If a patient did not receive the care outlined in a GP Contract Service but had multiple reasons for not receiving this care then they could be included in each of the appropriate management information counts. For example, a patient was not recorded as receiving the required vaccination for a GP Contract Service but was recorded as being contraindicated to this vaccination, declining this vaccination and not consenting to this vaccination. Unlike in the success trumps exception example, this patient could, in some circumstances, be included in all three of the associated management information counts regardless of the order in which the data were recorded. Once a patient is included in one exception management information count they still have the opportunity to be included in other exception management information counts.


Business Rules not mirroring guidance

There may be instances of where the Business Rules for a given GP Contract Service do not exactly mirror the guidance for that given service. This is often due to the high level of complexity of certain services, which is sometimes difficult to specify in the form of Business Rules.

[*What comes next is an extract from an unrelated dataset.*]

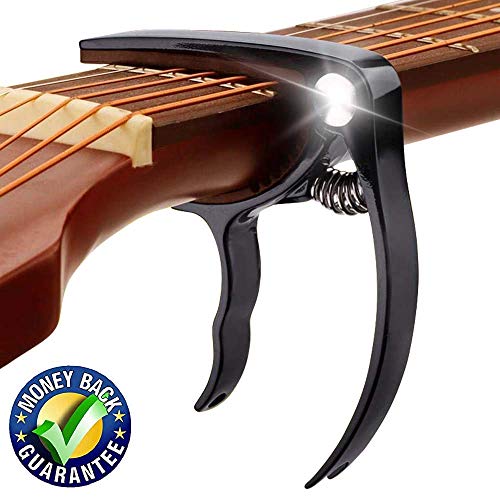Guitar Capo, Premium Zinc Metal Capo For Acoustic Guitar and Electric Guitar, Banjo,Mandolin, Ukulele Capo, Black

NHS England, NHS Employers and NHS Digital are sometimes forced to make pragmatic decisions when specifying the counts/indicators that make up the GP Contract Services. In all instances, however, Business Rules support the spirit of these counts/indicators and also ensure fair and consistent payment and management information reporting for GP practices.

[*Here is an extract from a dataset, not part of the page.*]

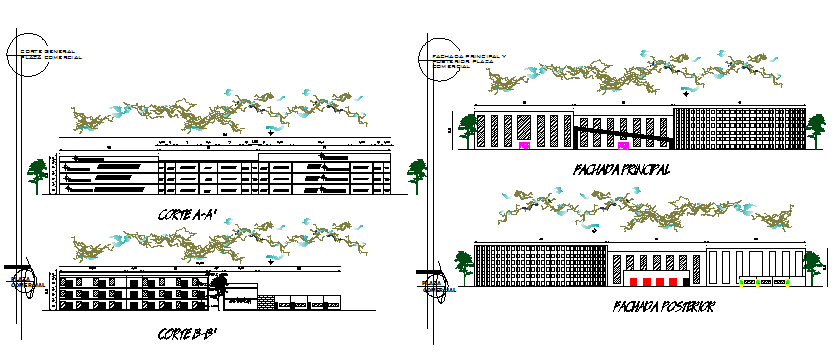 Local city shopping center elevation and sectional details dwg file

Learn more about the business rules for the GP Contract Services.


Activity performed outside of GP practices

Some GP Contract Services include management information counts that focus specifically on activity that has taken place outside of GP practices; this may involve patients receiving the specified care/medication by another healthcare provider. Not all GP Contract Services include these other healthcare provider counts and, for such services, the relevant activity may still have taken place outside of GP practices. This may result in lower than expected figures as the appropriate care/medication may not have been recorded in the patient record, or it may have been recorded but not collected by GPES. This is due to the Business Rules only specifying the necessary data that are due to be collected.


Delay between end of reporting period and data collection

For automated data collections via GPES, there is a delay between the end of a given reporting period and the date that the data were collected; the length of this delay varied across the different GP Contract Services. During this delay, patients may have moved between different GP practices or GP practices may have merged or even closed. Such instances may have had a profound effect on GP practice patient list sizes.

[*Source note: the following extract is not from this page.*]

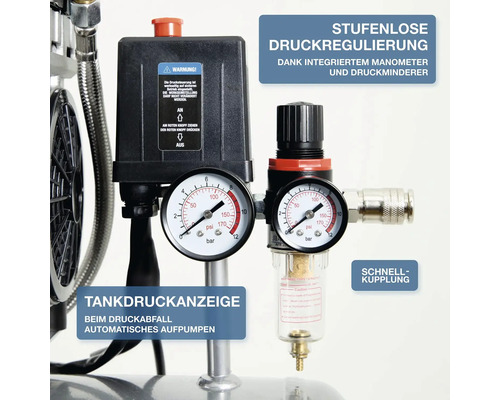 Druckminderer und Manometer eines Kompressors mit Schnellkupplung zur stufenlosen Druckregulierung und Tankdruckanzeige.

Automated data collections override manual data collections

Some GP Contract Services 2018-19 may have involved duplicate submissions of data. This is where data for the same reporting period of a given GP Contract Service were manually entered into the CQRS and also automatically collected via GPES. If a GP practice manually enters data into the CQRS for the same reporting period as an automated data collection via GPES, and the manually entered data are not financially approved, then the automated data collection overrides the manually entered data.


NHS Immunisation Statistics also published by NHS Digital

A number of the vaccination and immunisation programmes that form part of the GP Contract Services 2018-19 are also published as part of the NHS Immunisation Statistics for England. The data for these immunisation statistics come from Public Health England (PHE). Data on childhood immunisation coverage at ages 1, 2 and 5 years are collected through the Cover of Vaccination Evaluated Rapidly (COVER) data collection for Upper Tier Local Authorities (LAs) and Primary Care Trusts (PCTs). Data on children aged 2, 3 and 4 years and adults aged 65 years and over immunised against seasonal influenza are collected from GP practices through PHE’s ImmForm system. See the Childhood Vaccination Coverage Statistics publication for the full details of this data collection.